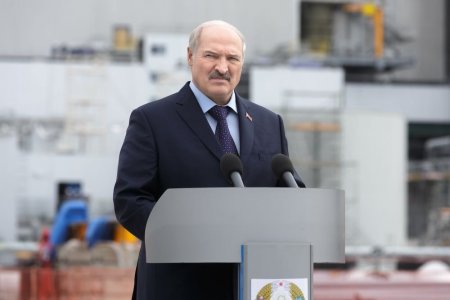 Лукашенко считает, что Белоруссия с ним во главе на Западе не нужна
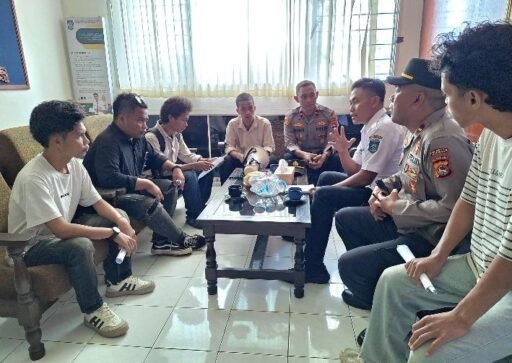 Kapolsek Selaparang Amankan Aksi Hearing Aliansi Pendidikan Inklusif di Dinas Dikbud dan DPRD NTB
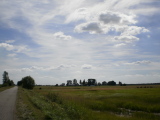 Vorschaubild p7090058_einzelner_Hof_Landschaft_Wolken_Wald__Weide.jpg 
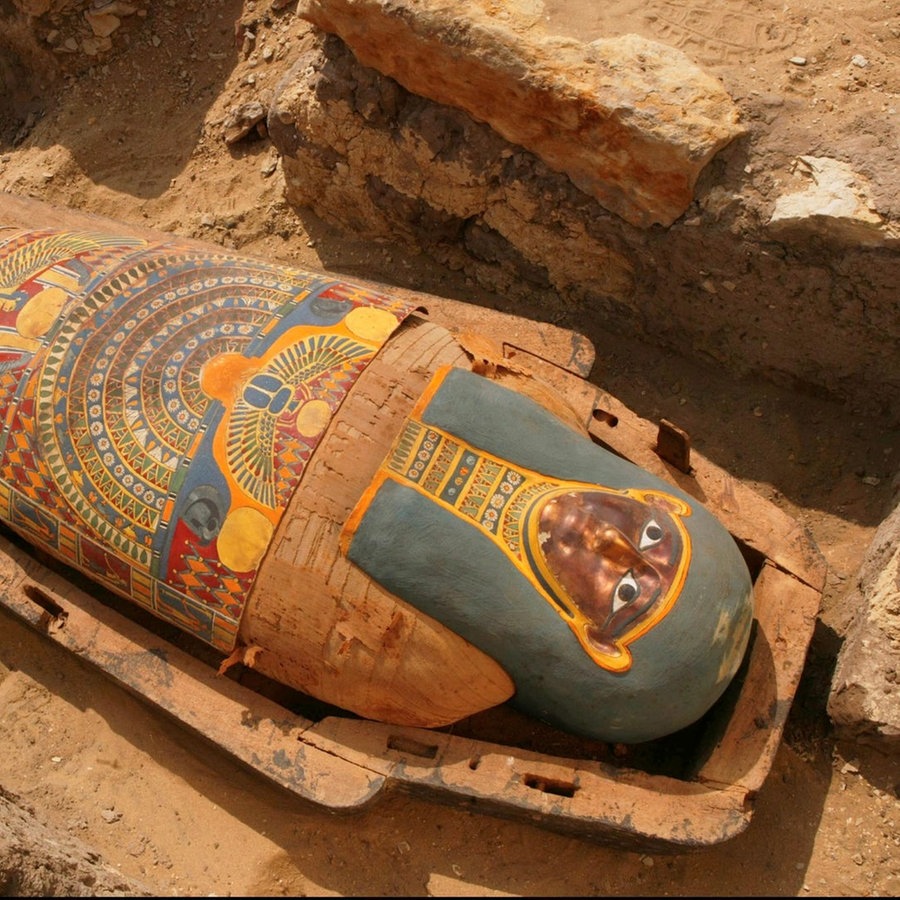 Freigelegter Sarg mit einer Mumie in der Nähe der Teti-Pyramide © picture alliance / Marc Deville / akg-images | / akg-images Foto: Marc Deville / akg-images | / akg-images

================================

Your assignment:
Write out all the material verbatim, images excluded.

The answer:
 Лукашенко считает, что Белоруссия с ним во главе на Западе не нужна
 Kapolsek Selaparang Amankan Aksi Hearing Aliansi Pendidikan Inklusif di Dinas Dikbud dan DPRD NTB
 Vorschaubild p7090058_einzelner_Hof_Landschaft_Wolken_Wald__Weide.jpg 
 Freigelegter Sarg mit einer Mumie in der Nähe der Teti-Pyramide © picture alliance / Marc Deville / akg-images | / akg-images Foto: Marc Deville / akg-images | / akg-images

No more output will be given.